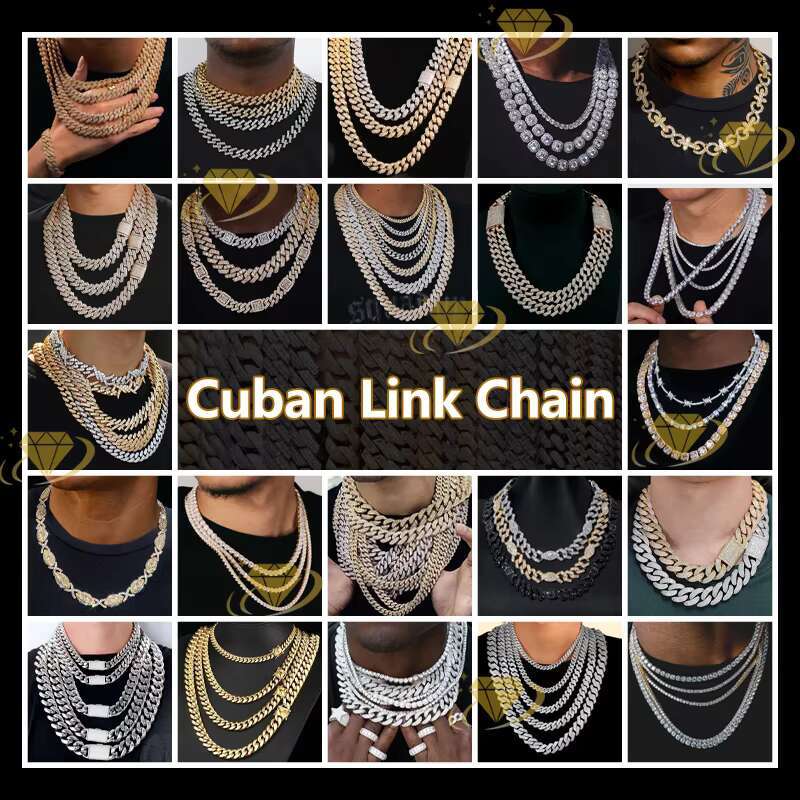 Hip Hop Boutique Jewelry Platinum Sterg Sier VVS Silica Cluster Tennis Chain Bracelet Necklace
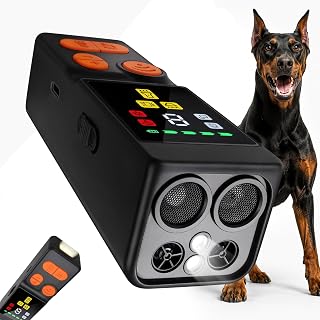 Mooking Ultrasonic Dog Bark Deterrent Devices, Anti Barking Device for Dogs | 4 Modes, Variable & Fixed Frequency, Flashlight, LCD Screen, Portable Training Tool to Correct Bad Behaviors Indoor & Outdoor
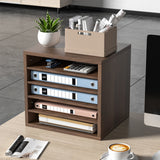 VEVOR Wood Literature Organizer Adjustable File Sorter 5 Compartments Brown
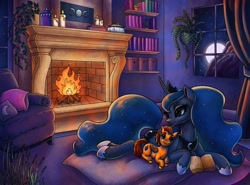 Size: 1280x949 | Tagged: safe, artist:pitchyy, character:princess luna, oc, oc:fireheart, species:alicorn, species:pegasus, species:pony, book, bookshelf, candle, commission, couch, cushion, duo, ethereal mane, female, fireplace, house plant, jewelry, mare, moon, pillow, regalia, smiling, snuggling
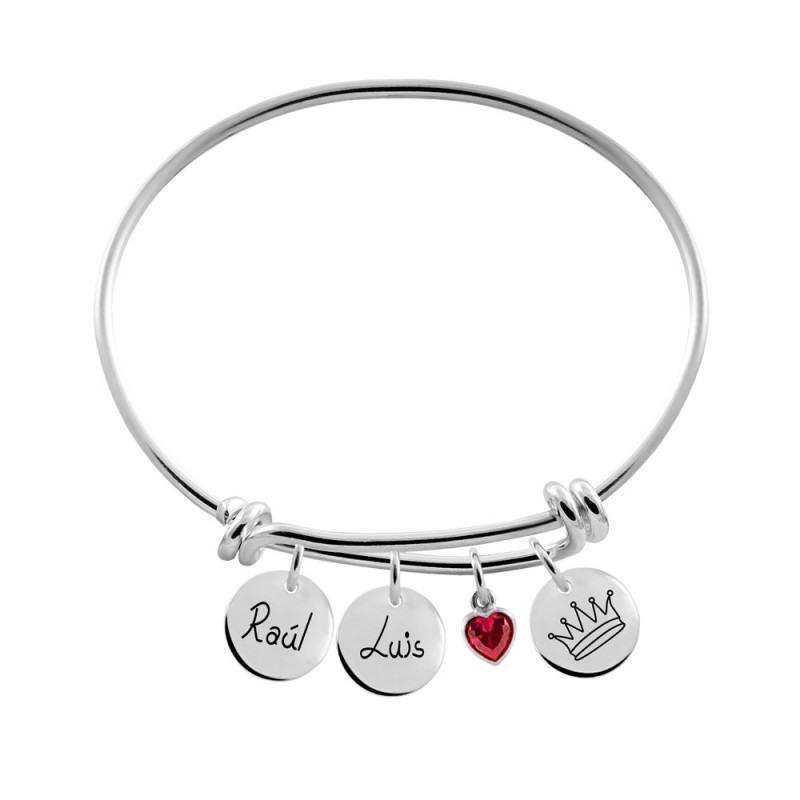 Silver Bracelet with 3 Medals and 1 Zirconia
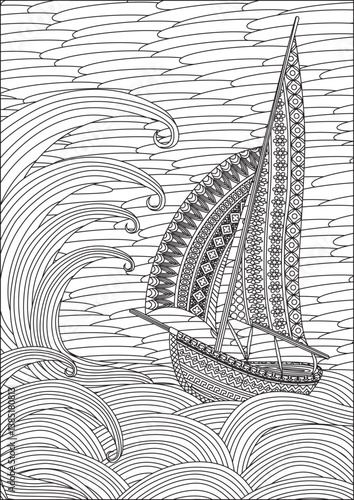 Waves and boat adult coloring page vector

────────────────────────────────────────

Each record has to be set down verbatim, and the pictures must not appear in the copy.

Answer:
 Hip Hop Boutique Jewelry Platinum Sterg Sier VVS Silica Cluster Tennis Chain Bracelet Necklace
 Mooking Ultrasonic Dog Bark Deterrent Devices, Anti Barking Device for Dogs | 4 Modes, Variable & Fixed Frequency, Flashlight, LCD Screen, Portable Training Tool to Correct Bad Behaviors Indoor & Outdoor
 VEVOR Wood Literature Organizer Adjustable File Sorter 5 Compartments Brown
 Size: 1280x949 | Tagged: safe, artist:pitchyy, character:princess luna, oc, oc:fireheart, species:alicorn, species:pegasus, species:pony, book, bookshelf, candle, commission, couch, cushion, duo, ethereal mane, female, fireplace, house plant, jewelry, mare, moon, pillow, regalia, smiling, snuggling
 Silver Bracelet with 3 Medals and 1 Zirconia
 Waves and boat adult coloring page vector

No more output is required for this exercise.